--- START ---

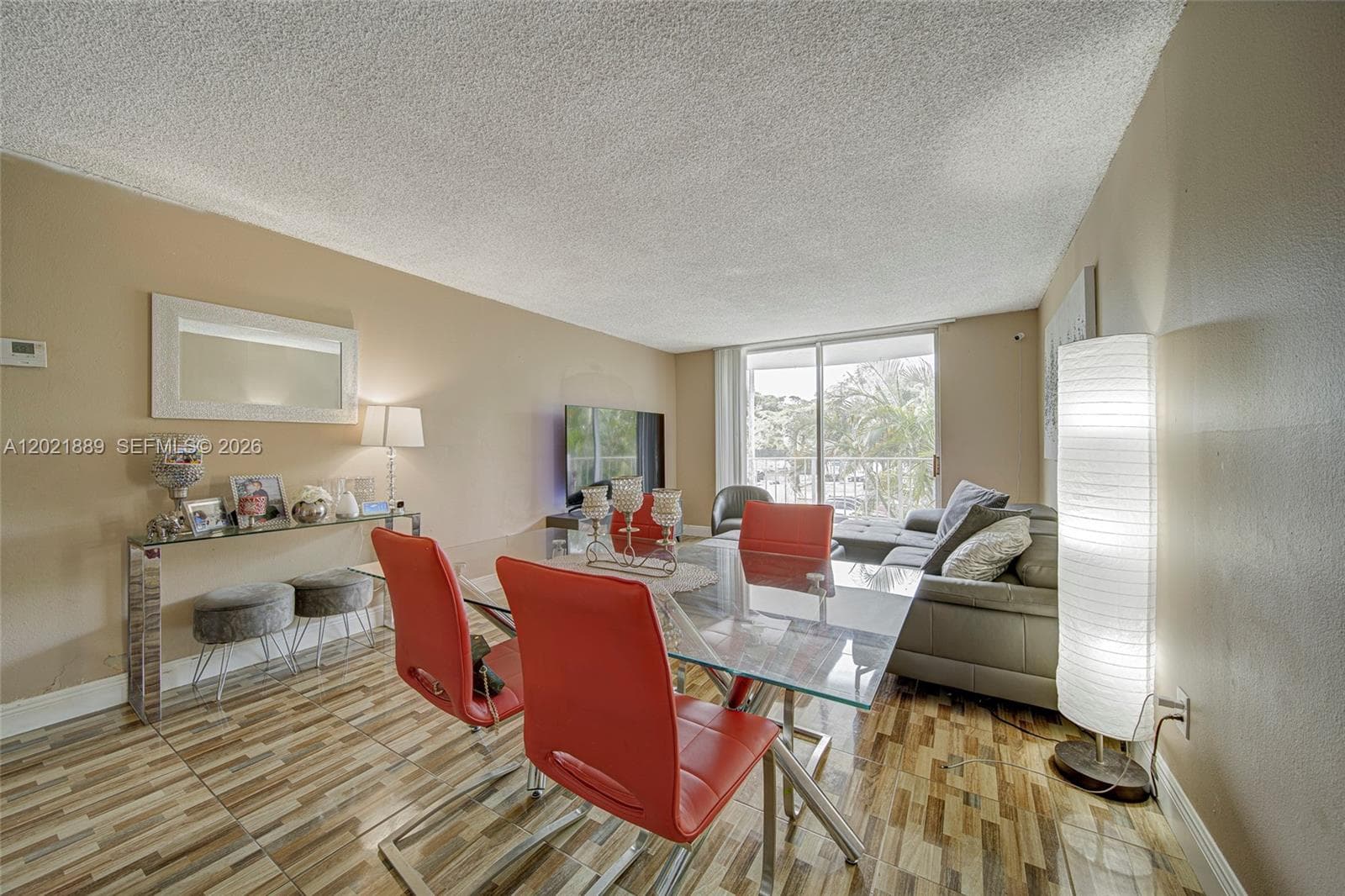494 NW 165th St Rd # C-205, Miami, FL 33169 — zdjęcie 3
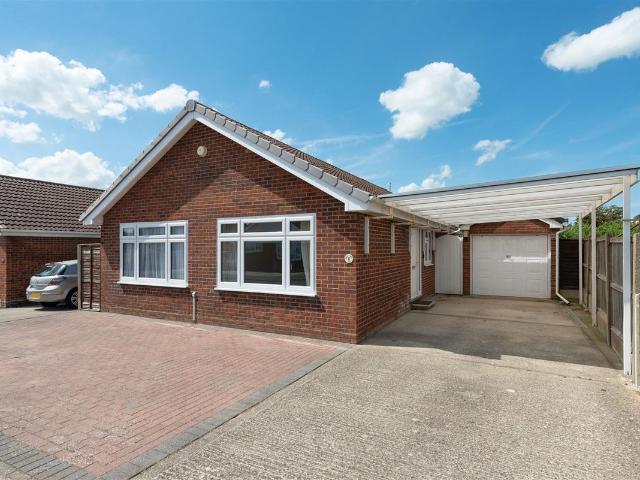 Ashley Drive, Seasalter, Whitstable CT5, 3 bed detached bungalow to rent, £1,650 pcm | PrimeLocation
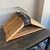 Percha De Madera Lustrada Calidad Superior Premium - Life H&D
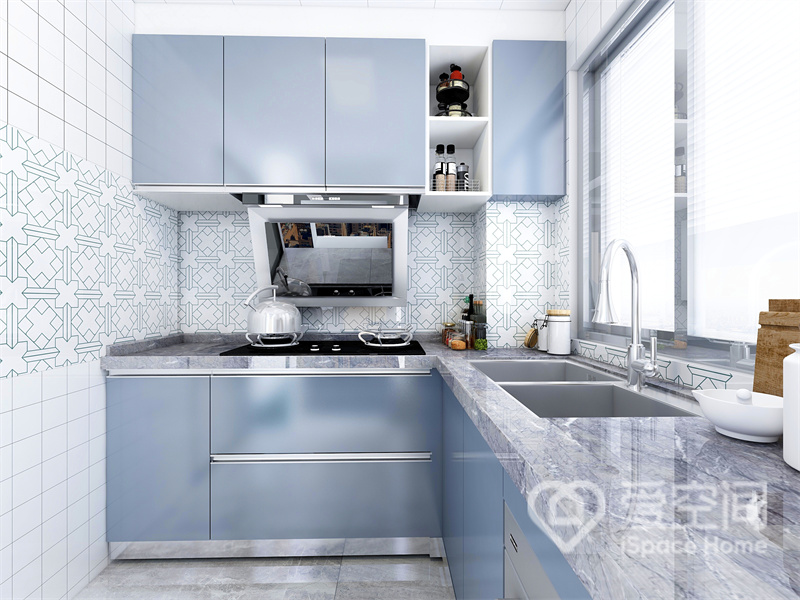 厨房L型动线，简约干净的蓝白基调带来浪漫的生活气息，搭载细腻而随性的灰色操作台，整体简约而富有层次。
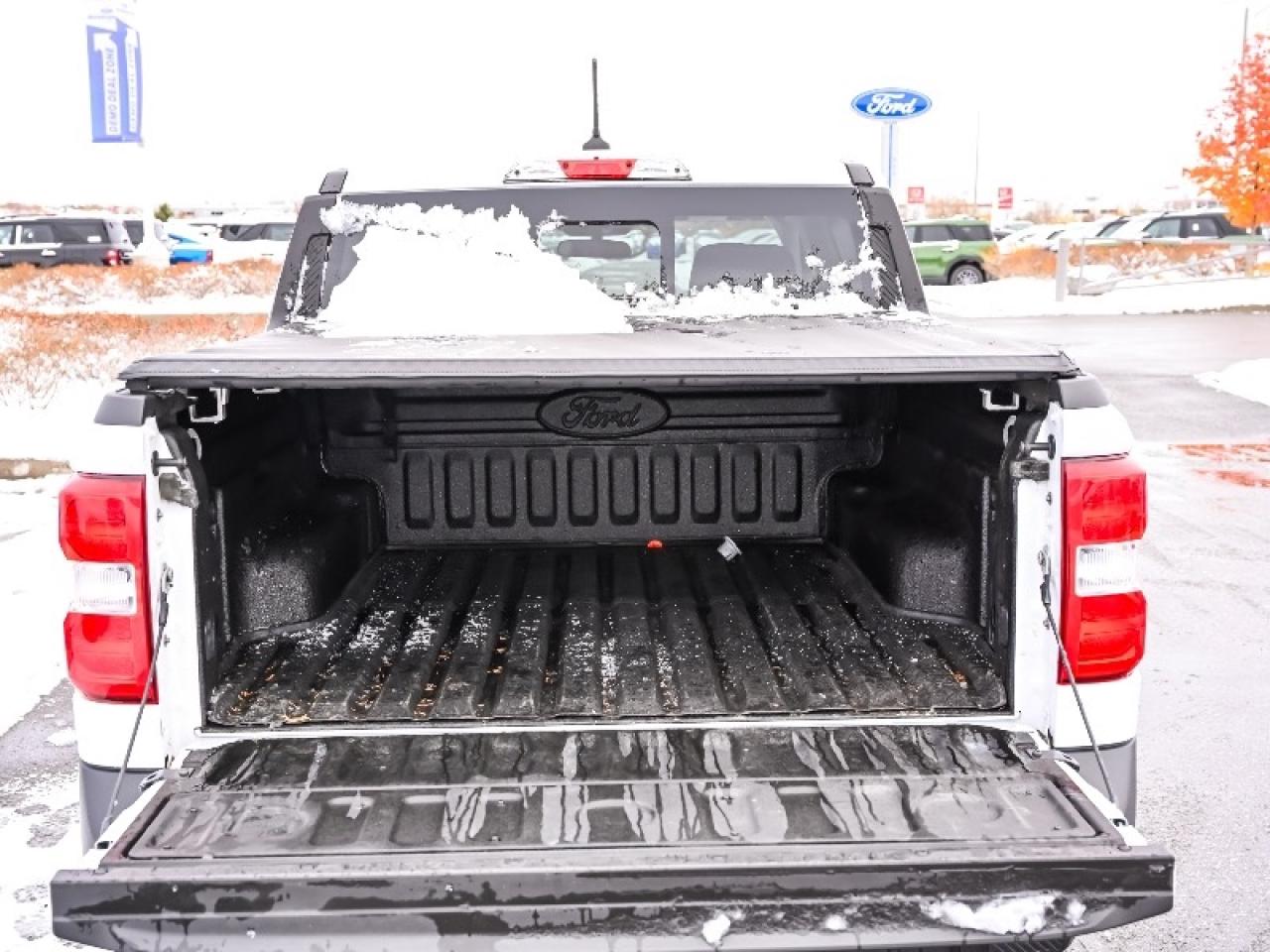 2023 Ford Maverick Lariat Photo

--- END ---

### What you should do
Set the data above down again exactly as given, with no pictures.

### Exercise response
494 NW 165th St Rd # C-205, Miami, FL 33169 — zdjęcie 3
 Ashley Drive, Seasalter, Whitstable CT5, 3 bed detached bungalow to rent, £1,650 pcm | PrimeLocation
 Percha De Madera Lustrada Calidad Superior Premium - Life H&D
 厨房L型动线，简约干净的蓝白基调带来浪漫的生活气息，搭载细腻而随性的灰色操作台，整体简约而富有层次。
 2023 Ford Maverick Lariat Photo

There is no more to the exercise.